Aside from the expected scatterplot, you can see a warning message “Removed 128 rows containing missing values (geom_point).” This indicates that there are 128 rows in gm2004 that contains missing values for sugar and/or cholesterol (see Section 2.15 for a detailed treatment of missing values) and they are removed during the plotting process. The removal of missing values for relevant variables is a default behavior for all plots generated by the ggplot2 package.

Now, let’s walk through the mechanism of ggplot2. In a nutshell, ggplot2 implements the grammar of graphics, a coherent system for describing and building graphs. A more detailed description on the grammar of graphics can be found in Wickham (2010).

Let’s break it down into two steps. In ggplot2, we always start with the function ggplot() with a data frame or tibble as its argument.

ggplot(data = gm2004)

After running this code, you can see an empty plot. This is because ggplot does not yet know which variables or what type of plots you want to create.
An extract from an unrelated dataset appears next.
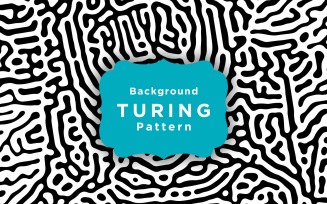 Turing Vector Seamless Pattern Template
To generate a scatterplot, you can add a layer using the + operator followed by the geom_point() function. The geom_point() is one of the many available geoms in ggplot.

Inside geom_point(), you need to set the value of the mapping argument. The mapping argument takes a functional form as mapping = aes(), where the aes is short for aesthetics. For example, you can use aes() to tell ggplot to use which variable on the x-axis and which variable on the y-axis. Let’s take another look at this example.
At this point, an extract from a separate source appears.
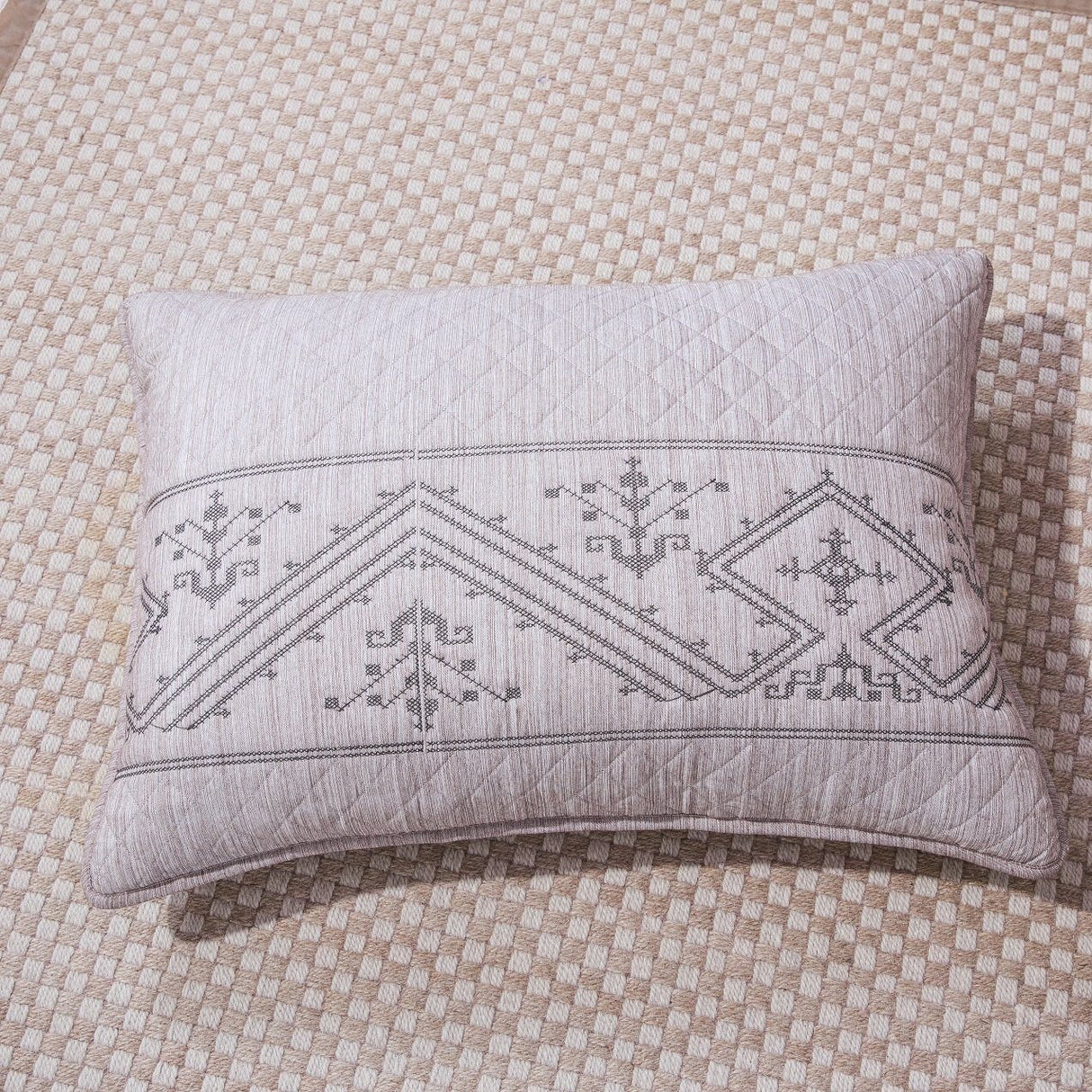 DaDa Bedding Whimsical Lavender Grey Cottage Soft Quilted Coverlet Bedspread Set (JHW866)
ggplot(data = gm2004) + geom_point(mapping = aes(x = sugar, y = cholesterol))

Here, inside the aes() function, we set x = sugar and y = cholesterol, indicating that the variable sugar will appear on the x-axis and cholesterol will appear on the y-axis.

When creating a ggplot, we recommend starting a new line after each + and also put the arguments of the aes() function on separate lines for better readability.

Now, let’s look at another example. We would like to explore the relationship between GDP_per_capita and life_expectancy.

ggplot(data = gm2004) + geom_point(mapping = aes(x = GDP_per_capita, y = life_expectancy))

We can see that life_expectancy in general increases (in a non-linear fashion) as GDP_per_capita increases, which is also consistent with our knowledge. From the figure, you can see that there is a pretty heavy left tail for GDP_per_capita. To fix this problem, you can actually use a log transformation of GDP_per_capita in the scatterplot. Note that you can directly use the transformed form inside the aesthetic mapping, without the need to separately add the transformation as a variable.

ggplot(data = gm2004) + geom_point(mapping = aes(x = log10(GDP_per_capita), y = life_expectancy))

After the logarithm transformation, you can see a relationship that is more linear.

5.1.4 Interact and Save the plot from ggplot()

After generating the plot using ggplot(), you can use exactly the same menu options for interacting the plot as for plot().

However, the mechanism for saving plots from ggplot() is completely different from that of plot(). To save a plot from ggplot(), you just need to use the ggsave() function after generating the plot without first setting up the connection to the file. The ggsave() function is very smart in the sense that it will automatically save the plot to the desired format depending on the extension of the given file name.

ggplot(data = gm2004) + geom_point(mapping = aes(x = sugar, y = cholesterol))
ggsave("data/cholestrol_vs_sugar_ggplot.pdf")  #save the plot as a .pdf file
ggsave("data/cholestrol_vs_sugar_ggplot.jpg")  #save the plot as a .jpg image

5.1.5 Exercises

  1. Using the sahp dataset, create a scatterplot to visualize the relationship between liv_area (on the x-axis) and sale_price (on the y-axis) without using any package, then set labels according to variable names and change all points to red. Finally, save the plot to data/sale_price_vs_liv_area.jpg and discuss the findings.

  2. Using the gm2004 dataset, create a scatterplot to visualize the relationship between sanitation (on the x-axis) and life_expectancy (on the y-axis) using the ggplot2 package. Finally, save the plot to data/life_expectancy_vs_sanitation.pdf and discuss the findings.

References

Wickham, Hadley. 2010. “A Layered Grammar of Graphics.” Journal of Computational and Graphical Statistics 19 (1): 3–28.